Cartwheeling Grad Student Earns Panteleyev Award
Margaret Boettcher knows a fast stress reliever: turn upside down. “Handstands and cartwheels make people happy,” said Boettcher, who has taught fellow WHOI graduate students and postdoctoral researchers her relaxation methods—even on geology field trips to volcanoes.
Her contributions (cartwheeling and otherwise) to graduate student life were recognized this spring when she received the Panteleyev Award, given annually to a graduating student in the MIT/WHOI Joint Program who best exemplifies the commitment to improving the graduate education experience at Woods Hole Oceanographic Institution.
“She has always been helpful to other students, taking the time to explain whatever questions came her way about research, problem sets, and the finer points of doing a cartwheel,” wrote one student in a letter nominating Boettcher.

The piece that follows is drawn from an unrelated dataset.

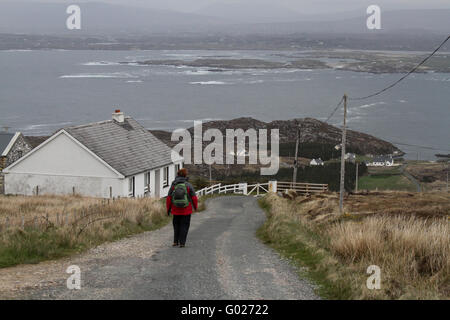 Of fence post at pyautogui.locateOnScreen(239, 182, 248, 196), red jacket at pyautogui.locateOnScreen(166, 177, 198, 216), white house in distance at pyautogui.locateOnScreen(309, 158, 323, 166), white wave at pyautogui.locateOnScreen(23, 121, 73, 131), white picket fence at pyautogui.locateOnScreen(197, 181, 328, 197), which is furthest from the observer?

The award is named for George P. Panteleyev, a graduate student who in 1995 was swept overboard and lost in an accident on a research cruise on the Ob River in Siberia.
Boettcher, 29, received the award at a reception for graduates June 1 in Woods Hole. She continues her research at WHOI as a postdoctoral investigator working with Associate Scientist Greg Hirth in the Department of Geology and Geophysics. She studies the frictional behavior of ocean faults where earthquakes occur.